**Task requirements:**
From the line containing "阶梯电脑（阶梯用电的标准是多少?）-图2" down to the last line of the material, output each line exactly as it appears, excluding pictures.

--- Information provided ---

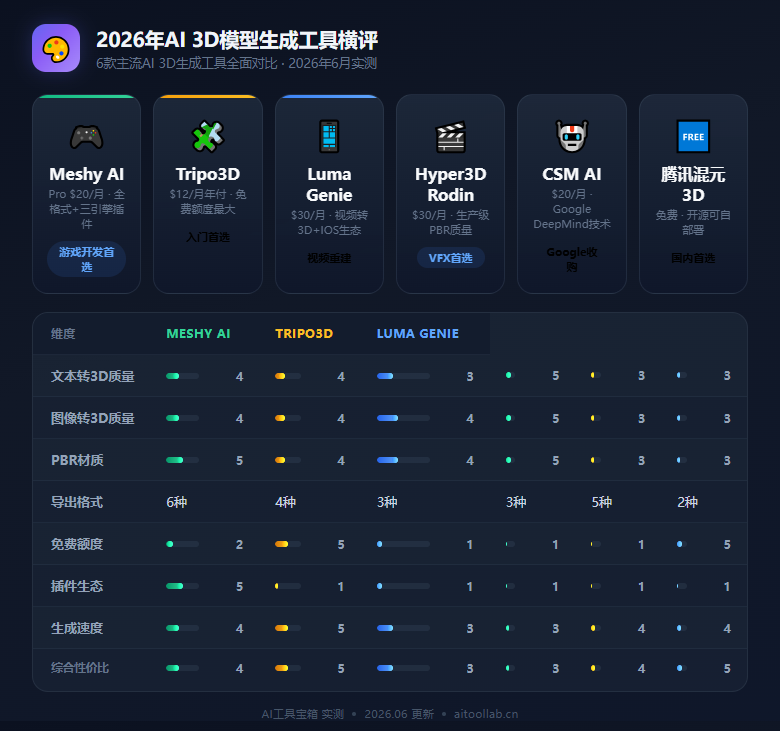 2026年AI 3D模型生成工具实测对比：Meshy、Tripo3D、Luma等6款主流工具横评——从免费到专业，哪个AI建模工具真正能替代手工建模？ - 数据对比信息图
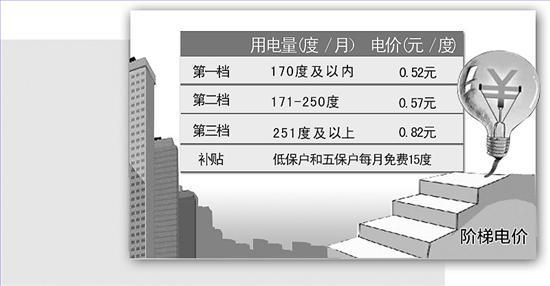 阶梯电脑（阶梯用电的标准是多少?）-图2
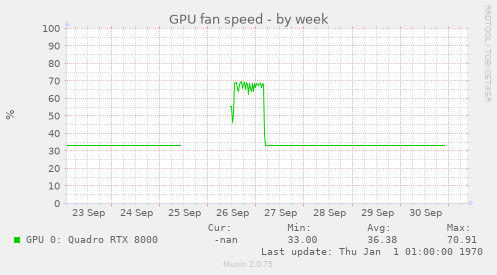 GPU fan speed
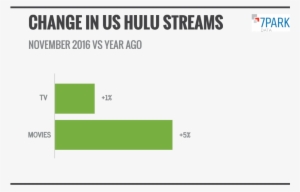 9 Jan - 7park Data #2424207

---

**Result of the exercise:**
 阶梯电脑（阶梯用电的标准是多少?）-图2
 GPU fan speed
 9 Jan - 7park Data #2424207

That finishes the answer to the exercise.